O futuro econômico da China - Martin Wolf (FT, Valor)

VALOR

13mar24

 

O futuro econômico da China 

Há dúvidas se Xi está matando o "capitalismo comunista" de Deng Xiaoping.

 

Por Martin Wolf 


Qual o futuro econômico da China? 
Essa pergunta levanta muitas questões específicas, mais ente os persistentes desequilíbrios macroeconômicos do país, a ameaça representada pela queda do tamanho da população e a piora no relacionamento com partes importantes do resto do mundo, acima de tudo um EUA cada vez mais hostil. No entanto, por baixo de tudo isso há uma questão ainda mais profunda: será que o "capitalismo comunista", a invenção aparentemente autocontraditória de Deng Xiaoping, está inexoravelmente desaparecendo sob o comando de Xi Jinping? Será que o governo da China vai se fossilizar e, no fim, entrar em colapso, como a União Soviética?

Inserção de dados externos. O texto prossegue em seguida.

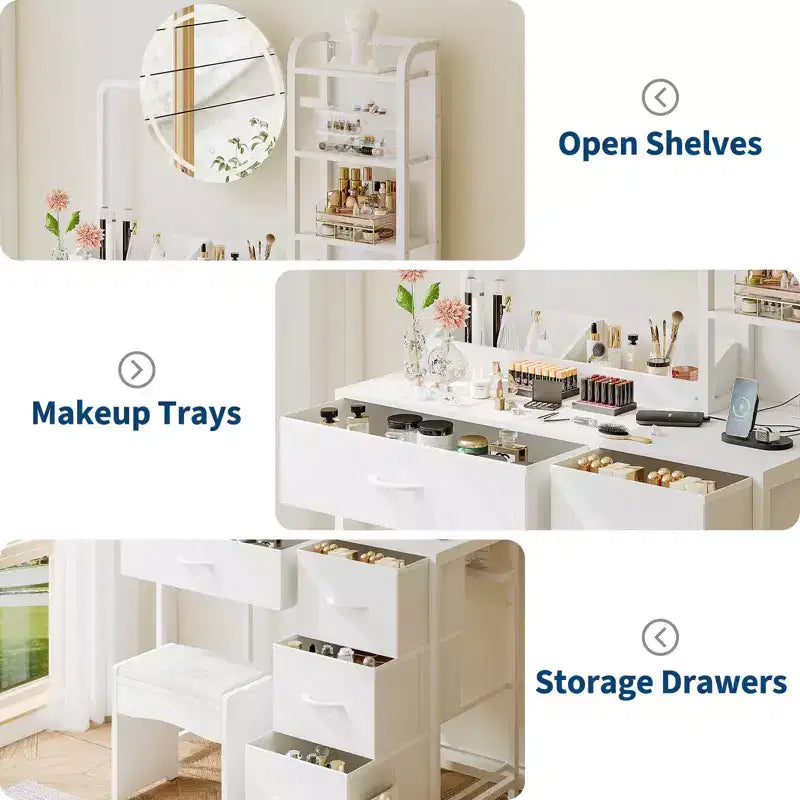 Acekool kleiner Schminktisch mit beleuchtetem Rundspiegel, Steckdose, 4 Stoffschubladen und 3 Ablagen, moderner Kosmetiktisch für Schlafzimmer, Wohnheim oder Wohnung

Abordei algumas dessas questões em uma série de colunas publicadas em 2023. Na semana passada, pouco depois de retornar de uma visita a Pequim e Xangai, minha primeira desde 2019, reexaminei os desafios macroeconômicos estruturais da China e levantei preocupações sobre o possível ressurgimento de desequilíbrios mundiais desestabilizadores. Pretendo agora abordar essa questão muito maior: será que Xi está matando o sistema de Deng? Muitas pessoas bem informadas com as quais me encontrei estavam extremamente pessimistas, em especial quanto às perspectivas para o setor privado. No entanto, será que em algum momento esses problemas serão resolvidos, ou não?

Essa questão é bastante esclarecida pelo livro "China"s World View", recém-publicado de David Daokui Li, um ilustre professor de economia formado em Harvard, que leciona na Universidade de Tsinghua. Pessoas interessadas na China, sejam linha-dura ou moderadas, deveriam ler cuidadosamente o valioso livro de Li.

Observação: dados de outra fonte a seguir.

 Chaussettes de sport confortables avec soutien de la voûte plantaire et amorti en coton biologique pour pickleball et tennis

Talvez sua observação mais surpreendente seja que "de 980 até 1840, o início da história moderna da China", a renda per capita do país caiu. A China antiga estava presa em uma armadilha malthusiana. Tal quadro é ainda pior do que o retratado no trabalho do falecido Angus Maddison. Mesmo depois de 1840, essa realidade sombria não se tornou muito mais brilhante. Somente após a "reforma e abertura" de Deng Xiaoping é que ela mudou.

 

Ao liberar as rédeas da economia privada, confiar nas forças de mercado e abrir-se para a economia mundial, Deng criou as condições para uma transformação extraordinária. Por outro lado, ao reprimir as demandas por democracia na Praça da Paz Celestial, em 1989, ele também reforçou o controle do partido comunista. Ele inventou uma nova economia política: a China de hoje é o resultado.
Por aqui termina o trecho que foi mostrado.